Bright Future for Engineers?

In this month’s “Career Corner” column, Hank Lindborg takes an “if you can’t beat ‘em, join ‘em” approach to globalization (p. 81). In other words, you can’t and shouldn’t ignore it—and you may even be able to take advantage of it in terms of career opportunities overseas.

On the flip side, a recent “Capital” column by David Wessel in the Wall Street Journal (WSJ) said despite globalization and its frequent companion—the outsourcing of jobs to other countries—the future’s looking bright for U.S. engineers. (If you subscribe or have access to WSJ, I highly recommend Wessel’s succinct yet insightful column on p. A2 each Thursday.)

Wessel cited a report by the McKinsey Global Institute (www.mckinsey.com/mgi) stating that while the number of young university trained engineers is growing rapidly in India and China, they don’t all represent a threat to U.S engineers and their jobs. That’s because, according to the report, HR executives at 83 large organizations said fewer than one in five engineers in so-called low wage countries would be good hires for their companies.

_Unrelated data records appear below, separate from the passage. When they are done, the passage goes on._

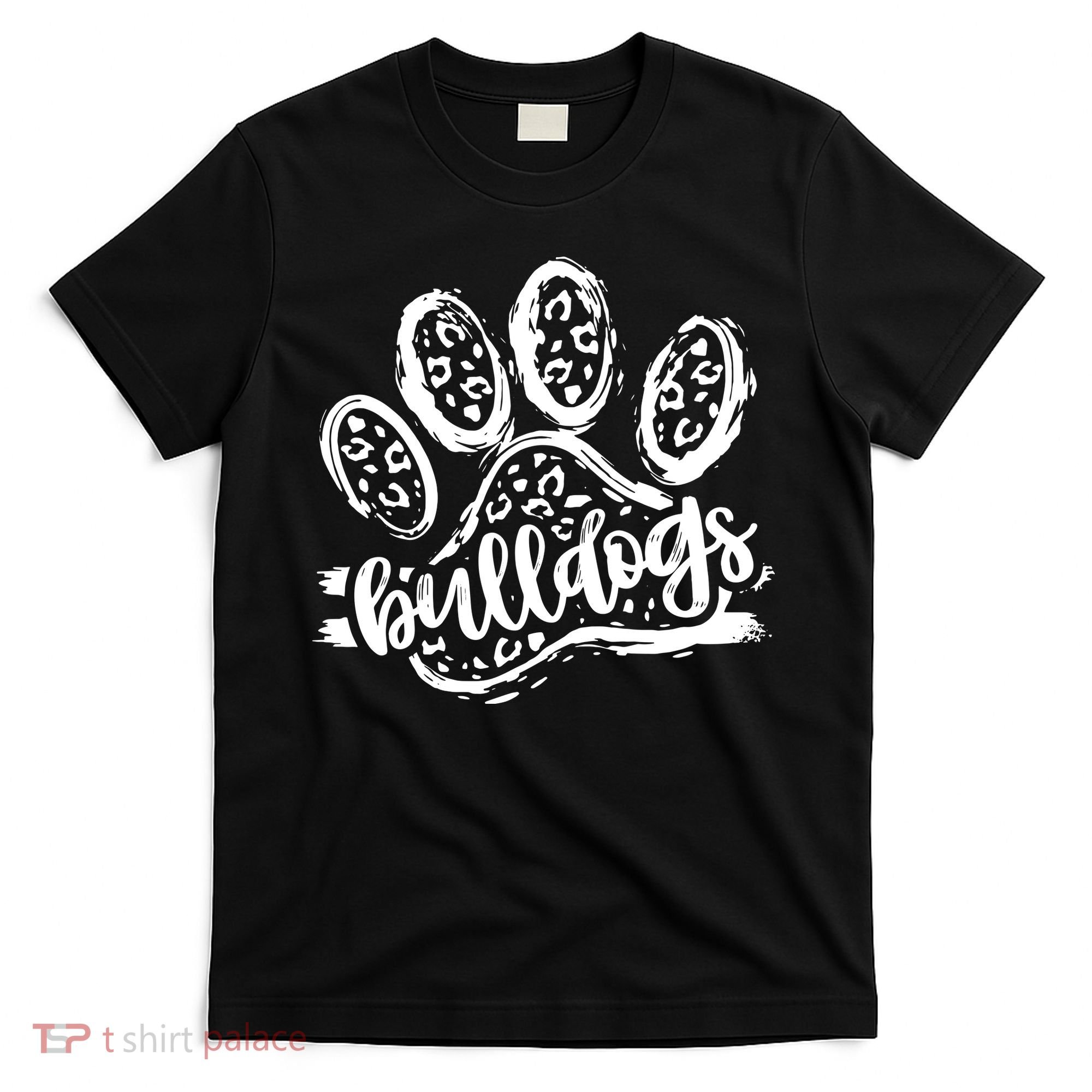 Retro Bulldogs Mascot School Spirit Leopard Print Paw Sports T-Shirt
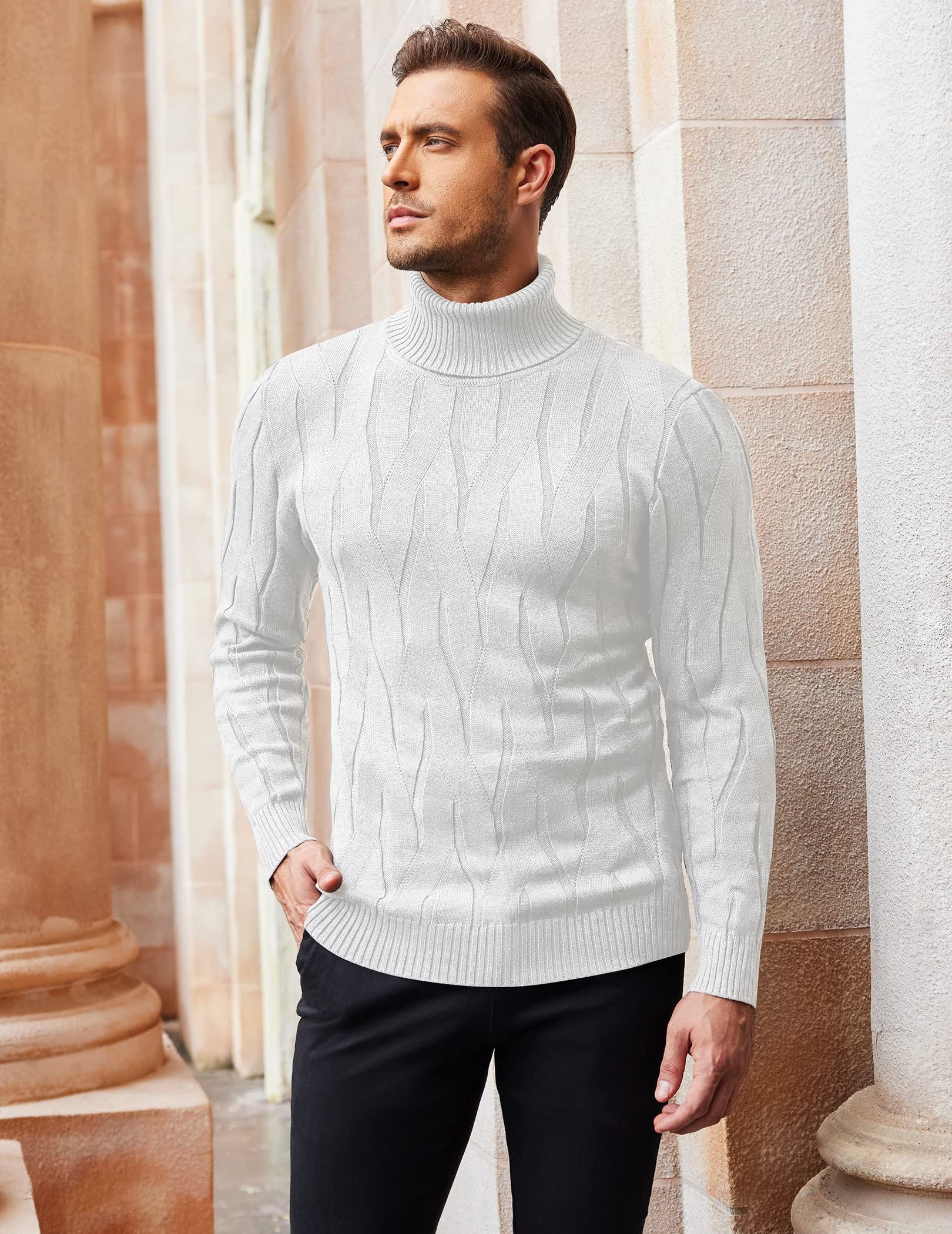 COOFANDY Men's Slim Fit Turtleneck Sweater - Long Sleeve Casual Knit Pullover for Winter, Fall & Spring | Warm Comfortable Office & Date Outfit | Perfect for Business Casual, Layering & Cold Weather Fashion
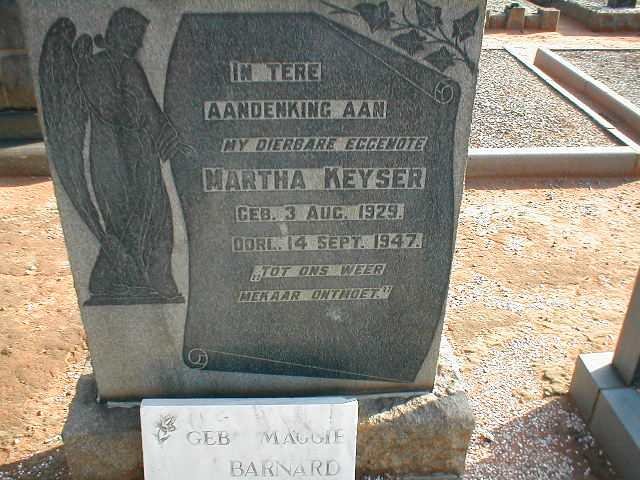 KEYSER Martha nee BARNARD 1929-1947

Wessel concluded the report doesn’t support complacency in the United States and similar countries with higher wages, but increased demand by the end of this decade will bode well for current and aspiring engineers in developed nations. He didn’t specify types of engineers, so it’s difficult to know whether this outlook holds true for those in quality. By that I don’t mean just people with the job title of quality engineer. I’m also considering engineers in niches or close relatives of quality: reliability, safety, manufacturing, process, production, supplier management, software quality.

Extrapolating from the annual QP salary survey, the proportion of engineers in the quality field has remained fairly stable over the past 15 years relative to the overall number of quality professionals. The percentage of respondents with “engineer” in their job titles was 18.9 in 1990 and 21.8 in 2004, though it dropped to a low of 13% in 1996 and rose to a high of 24.9% in 2001. Except for a couple minor dips, the salaries of quality and related engineers steadily increased during the same period, starting at an average of $40,745 in 1990 and rising to $61,719 in 2004. (Watch for the 2005 results in December.)

While the expansion of quality into nonmanufacturing areas like healthcare, education, service and government could signal a lower demand for people with “engineer” in their job titles, that doesn’t mean their training, skills and experience aren’t sorely needed. In this month’s “QP Mailbag” (p. 8), Larry Aft argues concepts such as lean, process improvement and even quality are basically just industrial engineering. To paraphrase him, though, what quality professionals are called is not the issue; what matters is they continue to apply their knowledge and skills to help organizations all over the world succeed.